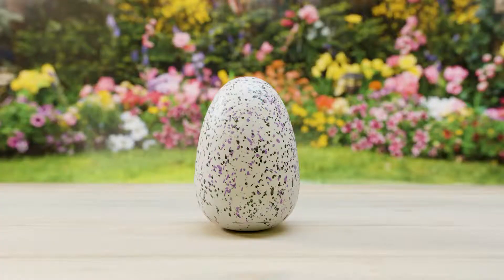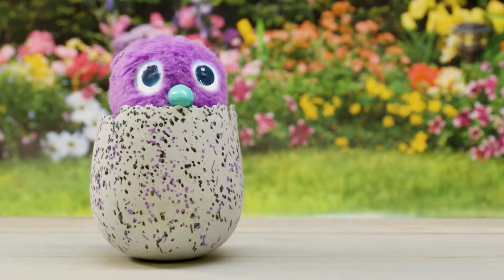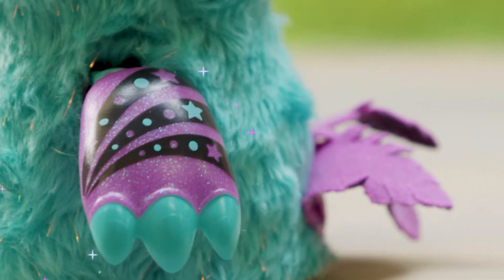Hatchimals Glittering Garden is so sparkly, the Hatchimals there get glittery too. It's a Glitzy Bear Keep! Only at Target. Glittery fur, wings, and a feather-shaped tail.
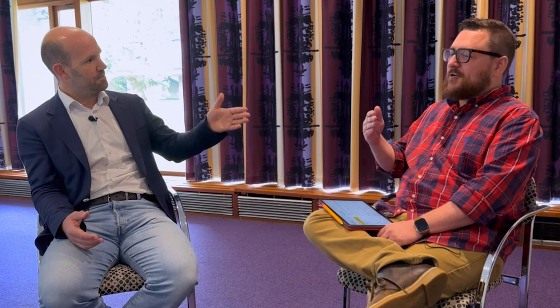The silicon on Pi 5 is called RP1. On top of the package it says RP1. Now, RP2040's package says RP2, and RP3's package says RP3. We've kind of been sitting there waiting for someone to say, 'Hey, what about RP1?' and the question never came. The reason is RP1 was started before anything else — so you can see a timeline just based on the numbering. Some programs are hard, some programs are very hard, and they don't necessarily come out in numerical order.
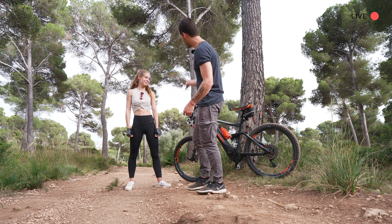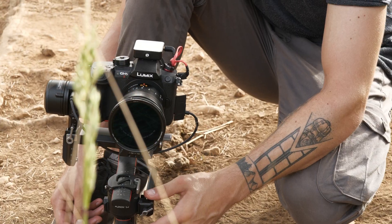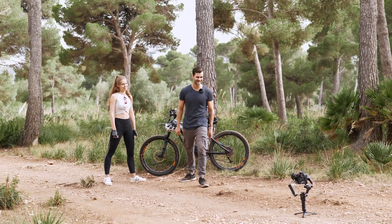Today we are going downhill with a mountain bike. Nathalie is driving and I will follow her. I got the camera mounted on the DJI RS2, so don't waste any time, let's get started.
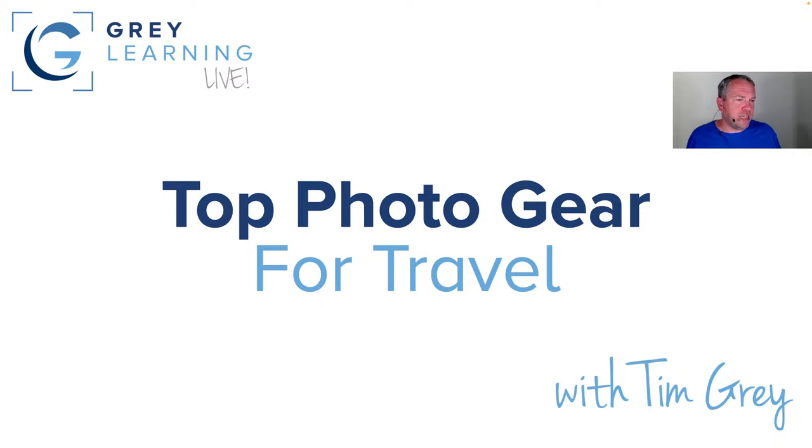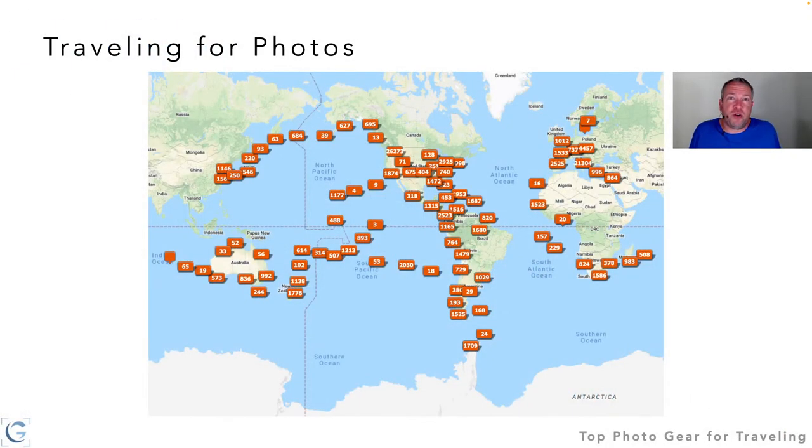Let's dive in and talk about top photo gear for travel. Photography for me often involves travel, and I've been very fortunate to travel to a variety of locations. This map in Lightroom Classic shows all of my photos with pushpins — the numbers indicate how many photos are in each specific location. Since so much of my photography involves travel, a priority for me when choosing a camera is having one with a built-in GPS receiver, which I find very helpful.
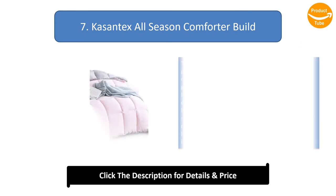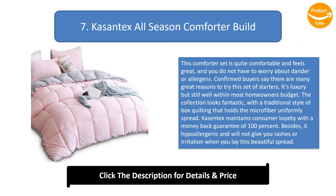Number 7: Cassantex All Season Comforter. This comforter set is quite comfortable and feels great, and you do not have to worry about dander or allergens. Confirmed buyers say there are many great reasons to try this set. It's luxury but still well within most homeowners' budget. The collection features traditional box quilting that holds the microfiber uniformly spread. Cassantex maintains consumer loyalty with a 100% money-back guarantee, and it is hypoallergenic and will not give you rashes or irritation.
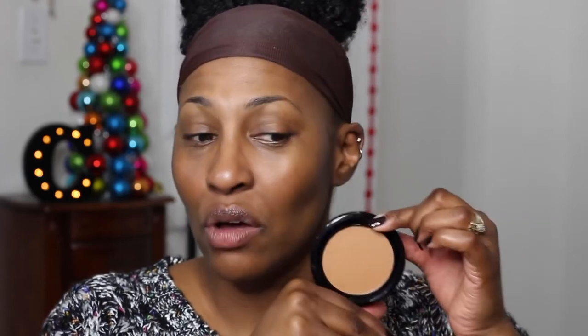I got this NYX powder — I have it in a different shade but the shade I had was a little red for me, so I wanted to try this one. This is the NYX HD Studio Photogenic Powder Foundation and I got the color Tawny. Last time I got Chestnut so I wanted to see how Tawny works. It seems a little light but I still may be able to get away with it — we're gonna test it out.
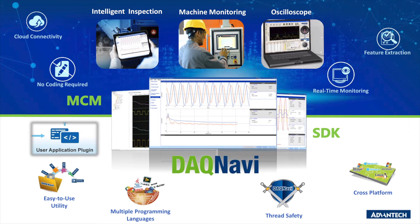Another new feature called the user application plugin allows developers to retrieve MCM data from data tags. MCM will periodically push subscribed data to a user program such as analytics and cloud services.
-------
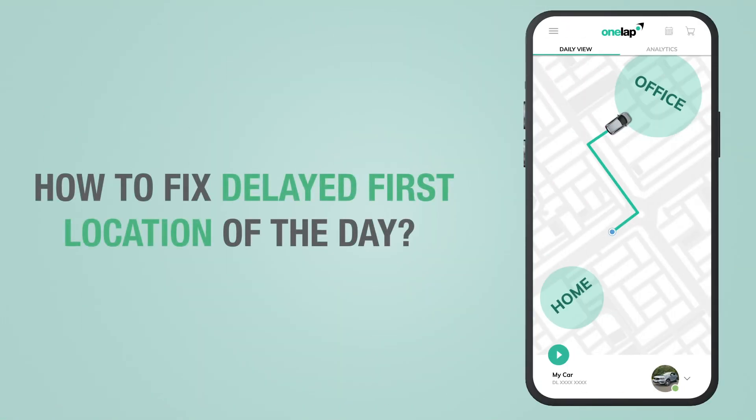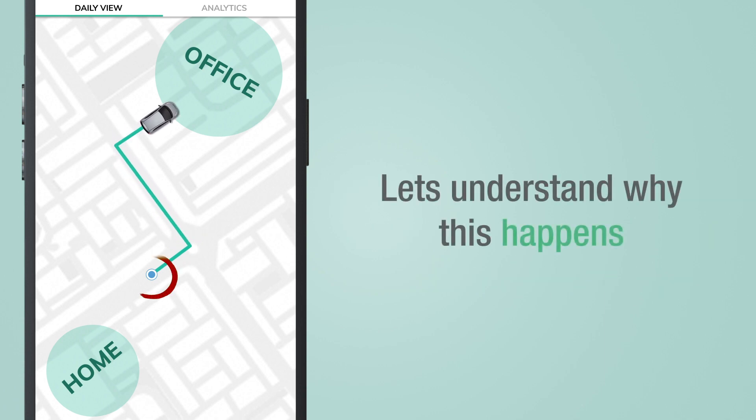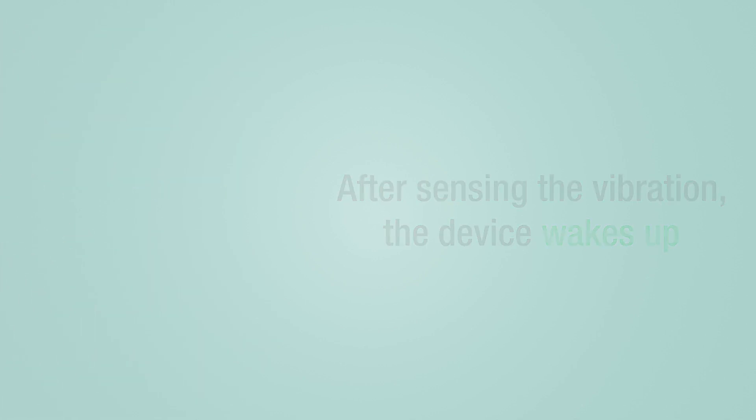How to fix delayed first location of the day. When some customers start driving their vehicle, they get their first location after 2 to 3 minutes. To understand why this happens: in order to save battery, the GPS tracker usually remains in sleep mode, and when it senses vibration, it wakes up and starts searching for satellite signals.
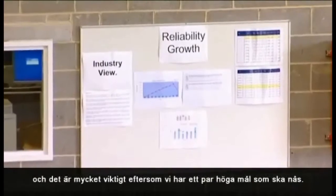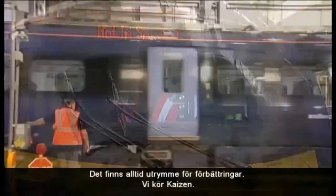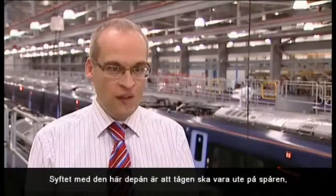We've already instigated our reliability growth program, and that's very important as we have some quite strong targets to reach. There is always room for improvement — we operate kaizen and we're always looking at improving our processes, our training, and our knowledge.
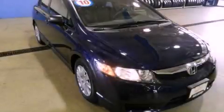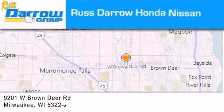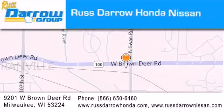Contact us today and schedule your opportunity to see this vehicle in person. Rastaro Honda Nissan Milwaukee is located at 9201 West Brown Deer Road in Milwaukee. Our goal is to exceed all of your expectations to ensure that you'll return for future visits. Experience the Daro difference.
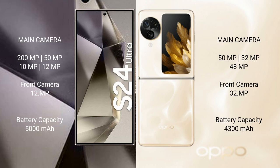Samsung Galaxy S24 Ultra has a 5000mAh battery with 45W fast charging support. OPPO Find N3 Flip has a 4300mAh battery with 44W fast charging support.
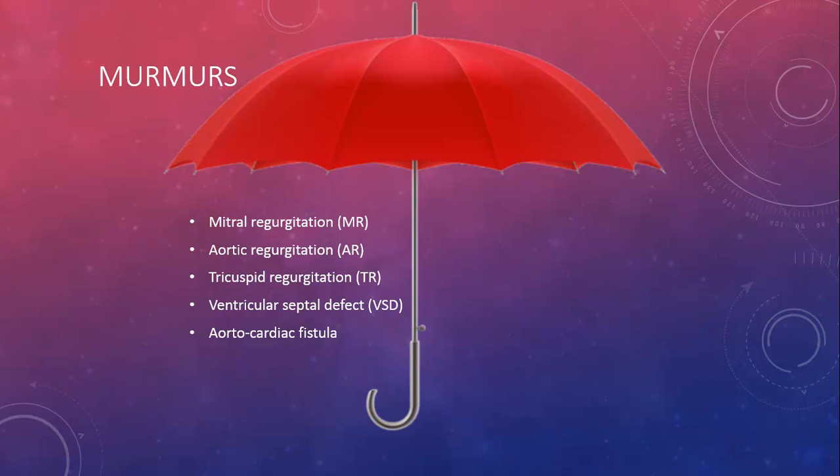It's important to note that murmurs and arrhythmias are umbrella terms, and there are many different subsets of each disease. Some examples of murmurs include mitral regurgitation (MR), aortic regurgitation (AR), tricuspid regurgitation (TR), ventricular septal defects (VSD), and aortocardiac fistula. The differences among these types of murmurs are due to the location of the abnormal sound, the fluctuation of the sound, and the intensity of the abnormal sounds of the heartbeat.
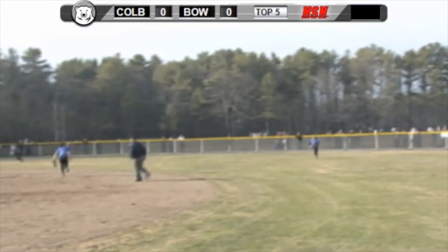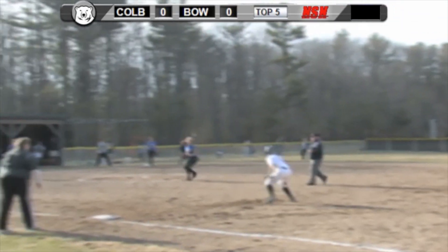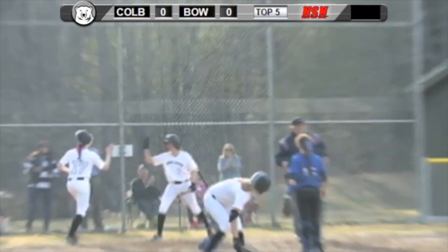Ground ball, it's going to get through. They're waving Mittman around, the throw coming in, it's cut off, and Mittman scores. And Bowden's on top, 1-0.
-------
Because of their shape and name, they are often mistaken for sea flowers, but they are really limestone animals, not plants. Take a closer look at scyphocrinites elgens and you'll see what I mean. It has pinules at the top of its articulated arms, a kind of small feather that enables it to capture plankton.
-------
Work from the entries above. Set down exactly and only the lines from the line with "Hatchimals Glittering Garden" to the line with "Today we are", both included, and leave the pictures out.

_RESPONSE AREA_.
Hatchimals Glittering Garden is so sparkly, the Hatchimals there get glittery too. It's a Glitzy Bear Keep! Only at Target. Glittery fur, wings, and a feather-shaped tail.
The silicon on Pi 5 is called RP1. On top of the package it says RP1. Now, RP2040's package says RP2, and RP3's package says RP3. We've kind of been sitting there waiting for someone to say, 'Hey, what about RP1?' and the question never came. The reason is RP1 was started before anything else — so you can see a timeline just based on the numbering. Some programs are hard, some programs are very hard, and they don't necessarily come out in numerical order.
Today we are going downhill with a mountain bike. Nathalie is driving and I will follow her. I got the camera mounted on the DJI RS2, so don't waste any time, let's get started.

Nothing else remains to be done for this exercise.